Zak Drabczyk Featured, Marxism, The Commune Leave a Comment


Growing up in the United States public education system, one is taught to revere the philosophies and days of old. In every classroom, the walls are decorated with pictures of the founding fathers and with posters of the “core democratic values”. Children sing songs commemorating the ideology of liberalism and patriotism. We were taught the importance of the constitution and looked at its writers as almost god-like figures; held to a standard above reproach.

Even in the adult realm of social theory and political economy, it seems as though the Enlightenment principles and philosophies, to which we broadly consider as becoming Liberalism, dominate every aspect of our socio-politics.

Certainly, there are many things about the Enlightenment that we can all feel warm and fuzzy about. The Enlightenment gave birth to ideas of a representative government, of freedom of speech and religion, and of the right to assembly and petition. Enlightenment philosophers also developed the epistemology of rationalism and empiricism, which have grown to encompass all of our scientific and academic advancement.

More importantly, the Enlightenment took a unique class character, one of the early bourgeoisie. It was this class character which, at the time, was termed by the landed aristocracy as “new money” that would in the next century swallow Europe in a period of industrialization and rapid economic growth never before imagined. This bourgeois thought also challenged the existing institutions of class suppression such as the Catholic Church; and would eventually destroy absolutist monarchy and feudalism in its quest for social domination.
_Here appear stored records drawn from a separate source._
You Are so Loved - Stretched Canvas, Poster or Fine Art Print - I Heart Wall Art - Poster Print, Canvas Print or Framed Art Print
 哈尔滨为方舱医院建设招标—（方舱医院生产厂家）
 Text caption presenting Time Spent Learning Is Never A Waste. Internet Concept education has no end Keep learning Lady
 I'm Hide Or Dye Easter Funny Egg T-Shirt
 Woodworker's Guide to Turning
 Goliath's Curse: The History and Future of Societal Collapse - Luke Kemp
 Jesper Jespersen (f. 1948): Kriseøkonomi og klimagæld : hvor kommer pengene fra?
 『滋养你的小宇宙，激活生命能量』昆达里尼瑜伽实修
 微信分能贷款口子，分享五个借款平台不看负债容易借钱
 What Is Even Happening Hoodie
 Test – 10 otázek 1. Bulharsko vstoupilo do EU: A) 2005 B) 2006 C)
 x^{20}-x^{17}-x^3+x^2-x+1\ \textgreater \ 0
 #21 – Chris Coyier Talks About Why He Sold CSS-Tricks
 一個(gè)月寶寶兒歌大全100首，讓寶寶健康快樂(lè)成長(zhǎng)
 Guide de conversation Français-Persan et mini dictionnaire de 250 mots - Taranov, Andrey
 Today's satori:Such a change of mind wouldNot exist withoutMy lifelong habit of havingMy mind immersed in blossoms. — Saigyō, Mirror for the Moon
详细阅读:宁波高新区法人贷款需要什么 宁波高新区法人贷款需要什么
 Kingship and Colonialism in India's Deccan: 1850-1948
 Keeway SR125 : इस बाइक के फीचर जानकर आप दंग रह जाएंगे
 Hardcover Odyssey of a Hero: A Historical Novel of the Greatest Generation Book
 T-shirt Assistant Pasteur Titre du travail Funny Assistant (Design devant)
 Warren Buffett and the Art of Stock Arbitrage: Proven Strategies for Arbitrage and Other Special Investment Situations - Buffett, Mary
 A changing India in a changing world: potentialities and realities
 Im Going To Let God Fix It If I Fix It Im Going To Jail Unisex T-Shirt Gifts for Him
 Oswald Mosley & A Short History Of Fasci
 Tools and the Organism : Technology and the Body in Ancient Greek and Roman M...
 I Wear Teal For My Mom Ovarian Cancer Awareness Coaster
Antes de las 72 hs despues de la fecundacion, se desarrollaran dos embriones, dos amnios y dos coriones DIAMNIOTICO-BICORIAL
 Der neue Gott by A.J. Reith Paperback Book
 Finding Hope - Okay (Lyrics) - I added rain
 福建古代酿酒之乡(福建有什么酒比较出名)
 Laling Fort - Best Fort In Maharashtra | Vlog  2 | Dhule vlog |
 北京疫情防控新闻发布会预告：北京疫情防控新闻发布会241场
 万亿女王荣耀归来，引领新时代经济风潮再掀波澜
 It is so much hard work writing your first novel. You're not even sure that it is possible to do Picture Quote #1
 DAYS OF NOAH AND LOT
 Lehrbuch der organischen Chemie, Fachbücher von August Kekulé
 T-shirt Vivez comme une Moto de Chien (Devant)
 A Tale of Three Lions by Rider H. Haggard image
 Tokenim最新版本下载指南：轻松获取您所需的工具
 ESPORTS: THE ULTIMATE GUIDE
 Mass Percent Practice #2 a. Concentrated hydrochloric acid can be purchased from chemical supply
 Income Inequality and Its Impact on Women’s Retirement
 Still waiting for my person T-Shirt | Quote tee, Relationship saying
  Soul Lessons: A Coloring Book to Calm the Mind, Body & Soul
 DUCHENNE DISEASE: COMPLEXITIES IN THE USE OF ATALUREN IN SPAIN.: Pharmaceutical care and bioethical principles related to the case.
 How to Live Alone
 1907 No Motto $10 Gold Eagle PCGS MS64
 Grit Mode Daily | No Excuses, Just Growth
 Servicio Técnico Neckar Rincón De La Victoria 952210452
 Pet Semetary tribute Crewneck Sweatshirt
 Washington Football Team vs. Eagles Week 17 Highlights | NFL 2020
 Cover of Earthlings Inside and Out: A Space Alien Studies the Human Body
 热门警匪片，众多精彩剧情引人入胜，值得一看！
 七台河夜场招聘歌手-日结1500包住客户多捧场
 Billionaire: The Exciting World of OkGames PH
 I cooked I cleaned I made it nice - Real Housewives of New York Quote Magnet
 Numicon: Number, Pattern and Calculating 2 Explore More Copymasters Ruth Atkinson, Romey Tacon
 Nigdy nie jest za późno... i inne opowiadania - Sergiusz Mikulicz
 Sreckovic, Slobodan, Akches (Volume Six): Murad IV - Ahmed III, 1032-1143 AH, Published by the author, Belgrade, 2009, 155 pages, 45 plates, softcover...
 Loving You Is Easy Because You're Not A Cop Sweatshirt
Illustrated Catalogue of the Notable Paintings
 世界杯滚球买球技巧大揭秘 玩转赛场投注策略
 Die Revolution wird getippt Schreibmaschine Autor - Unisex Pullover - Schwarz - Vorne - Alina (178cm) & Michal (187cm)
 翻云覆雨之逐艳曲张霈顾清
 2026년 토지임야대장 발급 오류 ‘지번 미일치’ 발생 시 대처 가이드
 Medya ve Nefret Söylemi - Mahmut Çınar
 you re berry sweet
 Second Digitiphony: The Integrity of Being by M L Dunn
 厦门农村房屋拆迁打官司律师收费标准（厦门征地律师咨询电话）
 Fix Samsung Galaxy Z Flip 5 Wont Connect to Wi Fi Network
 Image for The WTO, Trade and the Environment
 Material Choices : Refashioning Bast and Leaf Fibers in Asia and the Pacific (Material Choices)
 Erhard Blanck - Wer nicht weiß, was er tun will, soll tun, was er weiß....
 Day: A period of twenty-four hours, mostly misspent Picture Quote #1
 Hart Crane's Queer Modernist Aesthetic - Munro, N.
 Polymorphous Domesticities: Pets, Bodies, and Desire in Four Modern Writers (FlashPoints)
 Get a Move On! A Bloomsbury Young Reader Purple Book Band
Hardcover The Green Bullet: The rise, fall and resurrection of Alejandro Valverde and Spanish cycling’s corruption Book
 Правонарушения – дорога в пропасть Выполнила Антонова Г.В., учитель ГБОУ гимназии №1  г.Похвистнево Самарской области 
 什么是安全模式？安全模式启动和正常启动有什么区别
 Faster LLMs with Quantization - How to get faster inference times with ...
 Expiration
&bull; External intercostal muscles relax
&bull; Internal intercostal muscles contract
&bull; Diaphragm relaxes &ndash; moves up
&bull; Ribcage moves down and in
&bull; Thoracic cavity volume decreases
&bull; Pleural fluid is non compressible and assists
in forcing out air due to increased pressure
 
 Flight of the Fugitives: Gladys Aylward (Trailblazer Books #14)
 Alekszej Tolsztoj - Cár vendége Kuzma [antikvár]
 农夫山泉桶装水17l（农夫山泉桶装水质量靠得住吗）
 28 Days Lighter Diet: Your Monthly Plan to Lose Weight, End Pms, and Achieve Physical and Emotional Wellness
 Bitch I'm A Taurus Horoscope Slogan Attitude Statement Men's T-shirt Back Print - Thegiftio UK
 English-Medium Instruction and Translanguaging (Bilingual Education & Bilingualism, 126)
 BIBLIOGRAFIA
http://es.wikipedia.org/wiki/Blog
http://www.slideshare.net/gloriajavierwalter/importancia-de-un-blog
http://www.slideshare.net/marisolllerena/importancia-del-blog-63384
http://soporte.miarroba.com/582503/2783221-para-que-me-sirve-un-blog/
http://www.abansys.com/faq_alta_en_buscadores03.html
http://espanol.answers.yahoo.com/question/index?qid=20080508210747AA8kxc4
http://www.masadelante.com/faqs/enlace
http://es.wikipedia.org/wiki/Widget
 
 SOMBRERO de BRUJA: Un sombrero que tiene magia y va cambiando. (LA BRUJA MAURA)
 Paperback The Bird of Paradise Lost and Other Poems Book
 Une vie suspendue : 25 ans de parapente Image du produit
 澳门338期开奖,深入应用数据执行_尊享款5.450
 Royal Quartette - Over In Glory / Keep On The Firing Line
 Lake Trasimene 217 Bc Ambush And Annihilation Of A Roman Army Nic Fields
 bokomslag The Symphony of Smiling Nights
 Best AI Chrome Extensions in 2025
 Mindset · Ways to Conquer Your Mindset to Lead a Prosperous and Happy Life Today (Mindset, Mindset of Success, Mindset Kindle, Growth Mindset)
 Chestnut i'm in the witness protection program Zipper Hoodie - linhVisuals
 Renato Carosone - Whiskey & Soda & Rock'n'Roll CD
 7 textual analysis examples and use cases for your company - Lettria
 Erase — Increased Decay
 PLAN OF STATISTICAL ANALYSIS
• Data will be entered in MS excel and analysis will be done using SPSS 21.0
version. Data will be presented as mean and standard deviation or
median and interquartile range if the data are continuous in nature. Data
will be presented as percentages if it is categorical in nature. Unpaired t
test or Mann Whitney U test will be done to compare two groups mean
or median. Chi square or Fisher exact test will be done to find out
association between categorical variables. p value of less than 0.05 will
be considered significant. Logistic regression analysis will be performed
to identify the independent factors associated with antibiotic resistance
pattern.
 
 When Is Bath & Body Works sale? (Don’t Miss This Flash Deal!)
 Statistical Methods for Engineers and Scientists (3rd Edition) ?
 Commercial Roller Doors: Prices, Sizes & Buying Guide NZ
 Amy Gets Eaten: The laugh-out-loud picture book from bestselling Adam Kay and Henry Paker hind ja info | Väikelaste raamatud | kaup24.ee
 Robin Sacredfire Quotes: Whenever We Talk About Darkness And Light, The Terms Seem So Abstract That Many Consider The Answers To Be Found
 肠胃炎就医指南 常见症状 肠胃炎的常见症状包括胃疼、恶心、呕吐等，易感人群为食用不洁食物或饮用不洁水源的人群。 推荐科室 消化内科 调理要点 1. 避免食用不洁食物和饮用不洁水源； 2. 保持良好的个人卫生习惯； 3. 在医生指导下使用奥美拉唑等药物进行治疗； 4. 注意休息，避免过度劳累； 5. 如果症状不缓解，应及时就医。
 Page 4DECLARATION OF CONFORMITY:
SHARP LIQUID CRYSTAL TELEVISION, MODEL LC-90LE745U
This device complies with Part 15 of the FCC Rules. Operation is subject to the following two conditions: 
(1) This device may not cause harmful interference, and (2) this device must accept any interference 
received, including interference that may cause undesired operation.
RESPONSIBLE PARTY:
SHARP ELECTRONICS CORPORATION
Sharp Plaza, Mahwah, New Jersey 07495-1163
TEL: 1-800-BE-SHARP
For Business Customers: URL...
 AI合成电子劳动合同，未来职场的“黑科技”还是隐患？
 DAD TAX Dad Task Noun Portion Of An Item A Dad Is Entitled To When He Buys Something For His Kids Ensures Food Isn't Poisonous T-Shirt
So what about the Enlightenment is not properly understood or applied in the West particularly?

First a quick lesson in Marxism: Through Dialectical Materialism we understand the nature of how social forces moving and conflicting develop new social orders. Through Historical Materialism we understand the sum of history can be understood as a class struggle. With these understandings, we can view the Enlightenment as taking a specifically bourgeois class character. The West would like to paint the Enlightenment as a fixture of human advancement, owning no character but instead representing the timeless virtue of a liberal state. This, as we have come to understand, is completely fictitious and contradicts what we understand as Dialectical Materialism.

All of this begs the question: why is this important?

Well, similar to how the bourgeois dominate the legal interpretations of property and more importantly, physical property relations; bourgeois thought also dominates social discourse. We have allowed Enlightenment principles to impede our own judgement and prevent the development of new and revolutionary thought systems based on an ever-changing material condition. Rather than analyze a situation freely we have trapped ourselves in the intellectual stalemate of identifying the proper Liberal analysis and then applying it as if it was our own.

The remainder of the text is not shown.